Worlds Apart

Worlds Apart

So there I was, heading out for a short walk around Theta Pond after a busy morning at work, when my friend and coworker Gina saw that I had my camera in hand and mentioned that she had a photo opportunity for me. She said there were some Mexican Verbena flowers near our building that I might want to check out with my close-up filters, so instead of going around the pond I took a detour to a little flower bed near the parking garage where I came across the flowers you see in this week’s picture. What Gina mentioned to me that made this opportunity a little more special was that when most people look at these particular flowers they see a single object, when in fact each large purple flower is actually made up of several very tiny flowers. It’s the kind of detail I would normally overlook (and have overlooked many times, since I walked past this particular bed of flowers often) but adds a whole new rich layer to what is already a beautiful sight.

The trickiest part about getting this photo was the wind, because when shooting with a 50mm lens and +10 filter the depth of field is so shallow that even the tiniest subject movement will wreak havoc on the photo. There was just a hint of a breeze when I took this shot but it was enough to send my camera into a tizzy when as tiny little flower petals had a tendency to jitter back and forth just slightly. When this happens as I’m doing close-up work I put my camera in continuous high-speed mode and take a ton of shots hoping something is in focus, and almost every time I get a few pictures that I can use. I’m guessing this would be different if I were using an actual macro lens and not close-up filters, but until that happens this is the technique I’m stuck with :)

One other thing about this picture is the weird color cast. Look at how the greens in the top right corner are kind of desaturated and yellow-ish. I played around with tint and some other settings in Lightroom but in the end I think this is mostly just an artifact that happens when using close-up filters instead of a true macro lens. I could be wrong here, but when I use my +10 filter I find that I get strange coloring issues on my pictures sometimes. Maybe it has something to do with the way different wavelengths of light are bent and manipulated by the close-up filter, or maybe it’s all in my head. It is what it is though, and instead of trying to fix or change it I usually just settle on leaving the picture how it is and try to learn something for next time. The purple flower in the center is sharp, colorful, and really draws your attention which is what I was going for. And in that regard I think the photo worked out, so It’s all good.

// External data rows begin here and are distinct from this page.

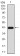 ERCC1 Primary Antibody MP30827 [M1A5A2]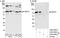 ATP Binding Cassette Subfamily F Member 2 antibody, A302-004A, Bethyl Labs, Western Blot image 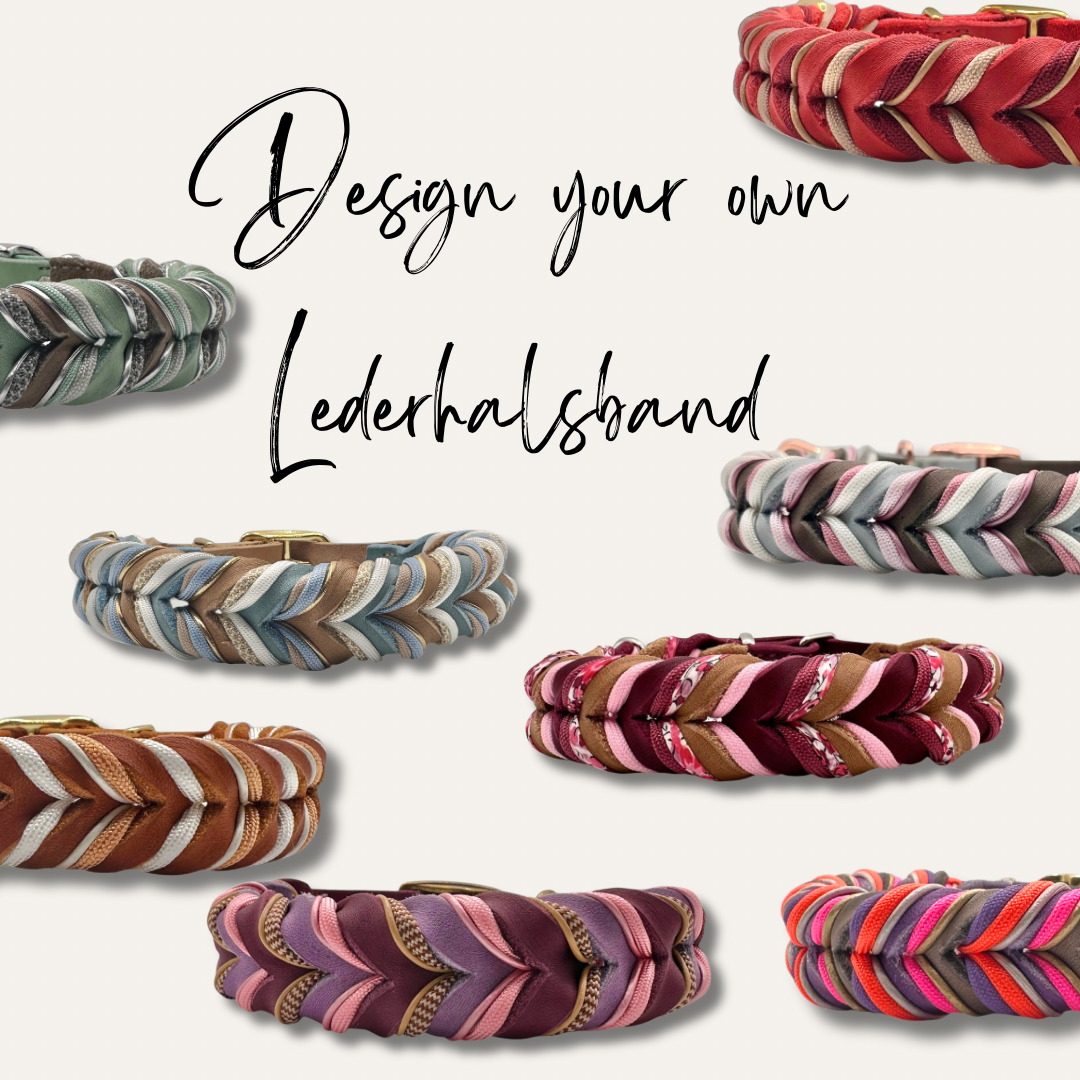 Lederhalsband Konfigurator. Designe dein eigenes Hundehalsband aus Leder. Du kannst jedes Detail über Farbe bis hin zur Breite selber wählen.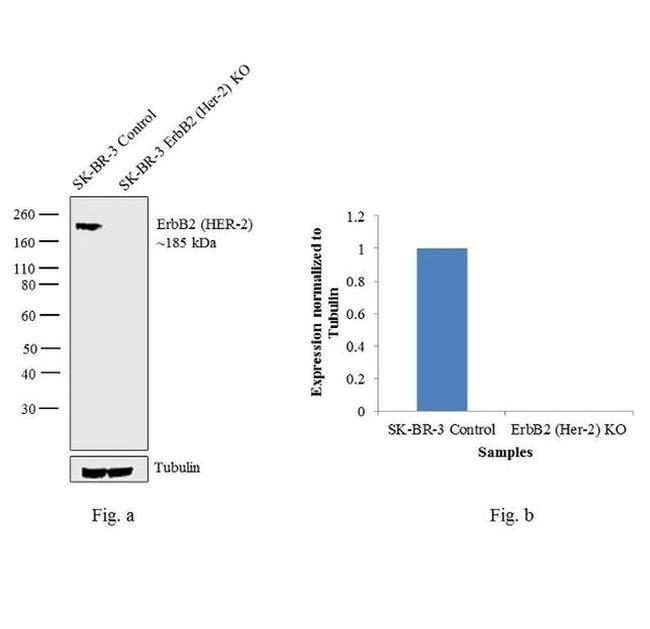 ErbB2 (HER-2) Antibody in Western Blot (WB)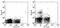 CD11C antibody, 56-0114-80, Invitrogen Antibodies, Flow Cytometry image 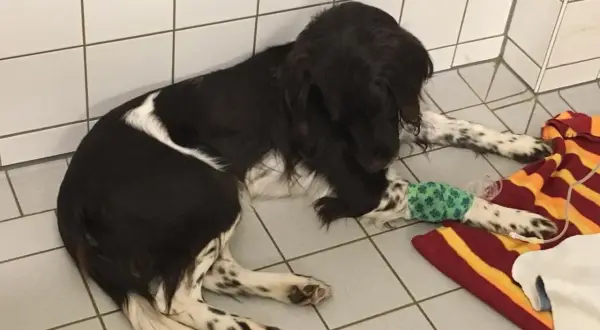 Ein Hund mit Infusion liegt auf einer Decke. Die Wahrscheinlichkeit für das Aujeszky-Virus ist gering, aber die Behandlung ist wichtig.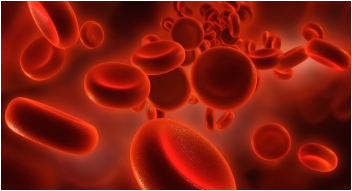 Cleansing your #blood mainly in women is a good way to naturally clear out toxins from the body and maintain optimum #health . https://t.co/r7ibMPFxwv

So thanks to Gina for pointing me in the direction of this flower, and to anyone reading this who is looking for something interesting to photograph…try walking outside your house or office and taking just a bit of a closer peed at the world around you. You might be surprised at what you find.

Comments

  1. I like this!

  2. Simon,

    Great Blog. Any time you have such a shallow depth of field, wind (even the slightest) will play havoc with the focus.

    I have also noticed within the last year or so, that a lot of flowers (sunflowers, poinsettias, etc) consist of a group of smaller flowers. I suspect that when we start looking closely at things, we see details we never noticed before–worlds within worlds.

    Keep up the good work.

    • Ok that’s really interesting Dennis, and now I want to go out and see if I can notice this phenomenon more in the world around me. I don’t think I take enough time in my daily life to really examine things around me, especially flowers, and the more I do the more I realize how much more there is to it.

  3. Macro photography does allow us to see the everyday objects in our world in a whole other dimension. Think “Horton hears a Who”

    As to the color cast, I see it as another plant in the background that is a different shade of green. Verbena has such long thin stems that it probably is hard to keep them from moving. What would a faster shutter speed and increased ISO do for your shot?

    • Horton Hears a Who is one of my kids’ favorite books! What a fun way to look at Macro photography–the closer you peek, the more intricate and finely-crafted things in our world become. Maybe next time I walk past this group of flowers I’ll listen closely to see if I can hear the Mayor of Whoville calling out :)

      Good idea on the color cast too. I didn’t think of it as another plant in the background, but that’s entirely likely. I shot this with a 1/1000 shutter speed so I don’t think a faster shutter would have done anything, but maybe stopping down the aperture and shooting at ISO 200 or 400 would have given me a bit more depth of field that could have helped add a sense of context to the photo. Interesting idea…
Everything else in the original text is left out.